Hope this helps. :thumbup1:


----------



## HABSFAN2006 (Feb 25, 2009)

Sir MixAlot said:


> Hope this helps. :thumbup1:


great, thanks! I can imagine you could save some time for sure.


----------



## bjbatlanta (Jul 16, 2008)

Yep, say if you're using screws spaced every 8" or so it's much faster to "swipe" them vertically. If you're gluing and nailing with one set of nails in the field, it's easier to just spot the individual set than "swipe" across several studs horizontally.


----------



## Sir MixAlot (Apr 4, 2008)

HABSFAN2006 said:


> great, thanks! I can imagine you could save some time for sure.

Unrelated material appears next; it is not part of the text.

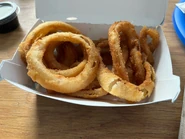 Homemade Onion Rings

And saving time = *$$$$$$$$$ :thumbup:*


----------



## HABSFAN2006 (Feb 25, 2009)

Although I am only a diy'er, I have worked on 4 basement projects and gaining much skill / experience with drywall and pulling joints, but I always like to work like the pro's work.. use the tools, materials, they use, and methods they use... I know the guys that did my home at construction did not use a corner trowel, and insisted on applying mud to one side at a time in corners to allow faster drying and finish the next day.
I am not a fan of corner trowels as they are not wide enough for finishing coats anyways.
Do you guys use them?


----------



## gregezzell (Jun 29, 2009)

I'm installing a large sheetrock ceiling and was wondering if I should cut Vs in the end of the sheetrock for butt joints before I apply mud and tape? Any words of wisdom?


----------



## HABSFAN2006 (Feb 25, 2009)

gregezzell said:


> I'm installing a large sheetrock ceiling and was wondering if I should cut Vs in the end of the sheetrock for butt joints before I apply mud and tape? Any words of wisdom?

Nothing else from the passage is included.